Your task: Make an exact copy of the records, and keep the pictures out of it.

Source material:
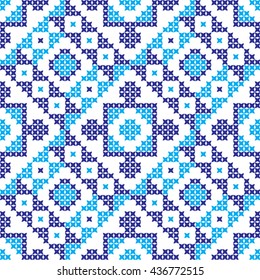 Embroidered pattern on transparent background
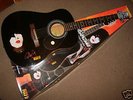 PAUL STANLEY SILVERTONE DARK STAR ACOUSTIC GUITAR KISS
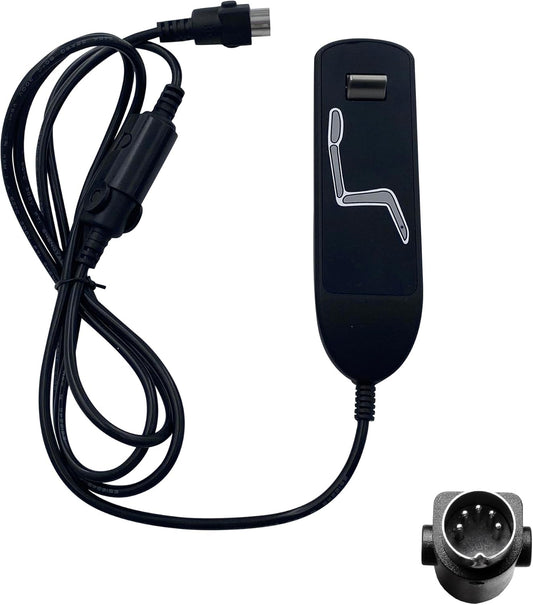 5 Male Pin Remote Kaidi Model KDH129D-002 Lift Chairs Power Recliner Hand Control Replacement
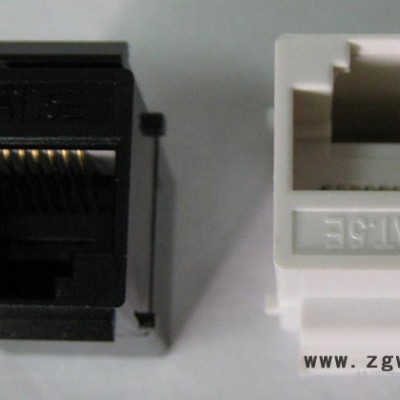 供应UNCZT6808综合布线超五类直通（双通）模块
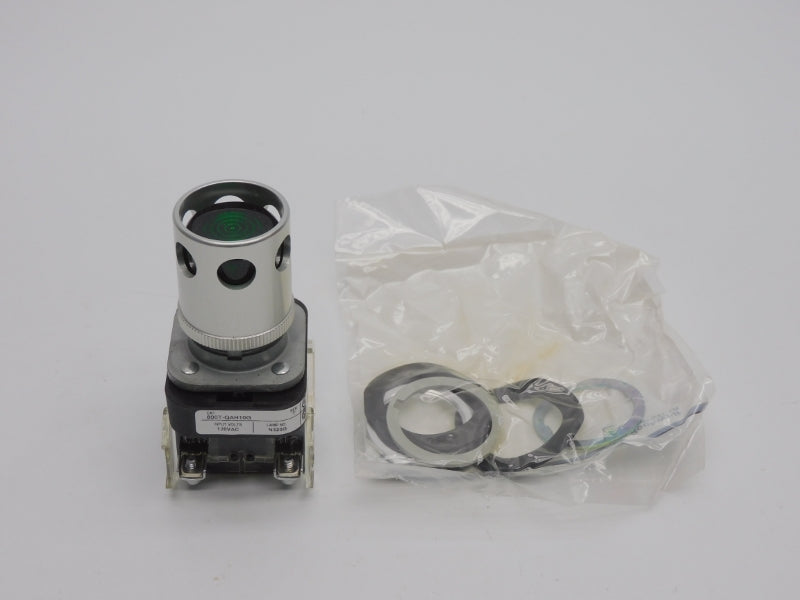 ALLEN BRADLEY 800T-QAH10G SER. T 120V (BR/WH) NSMP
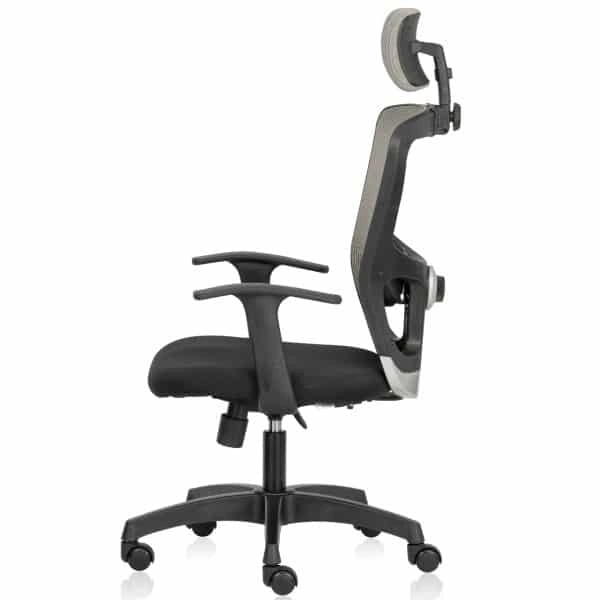 KINGSVISION High Back Ergonomic Mesh Chair with Fixed arms - Chair is uniquely engineered to support your lower back so that you can stay focused and work comfor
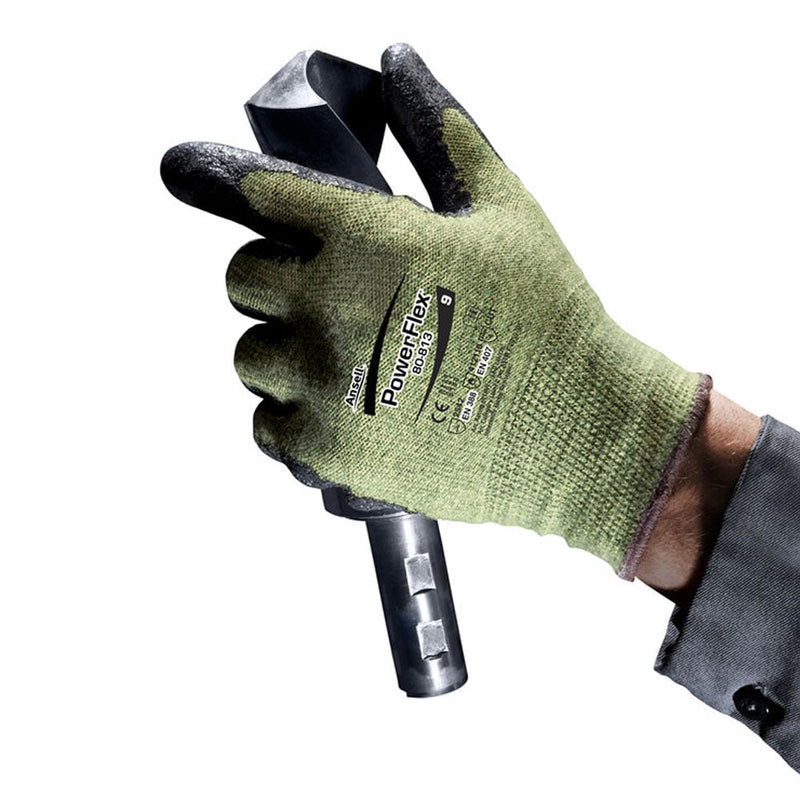 Ansell Activarmr 80-813 Green/Black Gloves (Pair) - GARDEN & PET SUPPLIES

Response to the task:
 Embroidered pattern on transparent background
 PAUL STANLEY SILVERTONE DARK STAR ACOUSTIC GUITAR KISS
 5 Male Pin Remote Kaidi Model KDH129D-002 Lift Chairs Power Recliner Hand Control Replacement
 供应UNCZT6808综合布线超五类直通（双通）模块
 ALLEN BRADLEY 800T-QAH10G SER. T 120V (BR/WH) NSMP
 KINGSVISION High Back Ergonomic Mesh Chair with Fixed arms - Chair is uniquely engineered to support your lower back so that you can stay focused and work comfor
 Ansell Activarmr 80-813 Green/Black Gloves (Pair) - GARDEN & PET SUPPLIES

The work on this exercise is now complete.